野島 まったくないです。われわれは「月額会員制保守サービス」と言っていました。
当時、いろいろなデジタル機器が登場するようになって、パソコンの接続方法や修理に関する問い合わせや、エクセルやワードの使い方を教えてほしいといった問い合わせが多くなってきました。要するに、ちょこちょこした細かい問い合わせが多くなってきまして、その度にお客様から1千円ください、2千円くださいと言うのでは、お客様も大変だし、スタッフの負担も大きくなると。
そこで、お客様からの細かい要望や問い合わせにもしっかり対応できるようにと考え、定額で一定のお金をいただくようにしました。要は、ゴルフ場の会員と同じで、当社の会員ですから何回来てもいいと。ですから、わたしは月額保守サービスではなく、会員制にこだわりました。

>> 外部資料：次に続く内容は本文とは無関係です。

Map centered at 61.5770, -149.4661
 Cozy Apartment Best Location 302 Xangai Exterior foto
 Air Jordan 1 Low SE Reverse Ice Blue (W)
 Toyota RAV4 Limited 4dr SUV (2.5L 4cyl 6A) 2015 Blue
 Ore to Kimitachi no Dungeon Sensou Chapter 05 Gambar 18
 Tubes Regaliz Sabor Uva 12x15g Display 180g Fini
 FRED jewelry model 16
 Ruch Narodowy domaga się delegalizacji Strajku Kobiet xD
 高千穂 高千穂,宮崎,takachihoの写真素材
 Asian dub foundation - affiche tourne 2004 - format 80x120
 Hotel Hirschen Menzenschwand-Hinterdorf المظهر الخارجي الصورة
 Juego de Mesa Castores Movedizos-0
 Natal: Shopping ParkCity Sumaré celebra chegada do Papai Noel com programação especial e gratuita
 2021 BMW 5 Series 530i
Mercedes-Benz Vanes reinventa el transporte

そういうことで、2006年11月からパソコンの月額会員制保守サービスを本格展開するようになったのです。
―― ポイントはこの会員制なんですね。
野島 そうです。ただ、当初は月額会員制保守サービスと言っても、なかなか分かってもらえなくて、今でこそサブスクリプションと言えばイメージできるのかもしれませんが、当時はこうしたビジネスモデル自体が存在していませんでしたから、外部の方に説明するのが大変でした。
もちろん、日頃ご利用いただくお客様は理解してくれましたけど、それでも中にはPCデポの保険に入っていると勘違いしているような方もいらっしゃいまして、きちんと説明して、理解してもらうのに時間がかかりましたね。
―― そうやって考えると、全ての事業がつながってきますね。
野島 ええ。わたしはどれだけデジタル技術が発達しても、最後に残るのは人と人とをつなぐ仕事だと考えています。ですから、単にデジタル機器を修理するだけではなく、お客様の生活をデジタルによって豊かなものにすることが使命だと。
やはり、電器屋さんとも違う、また、携帯ショップとも違う、お客様にとってなくては困る存在でありたいと考えています。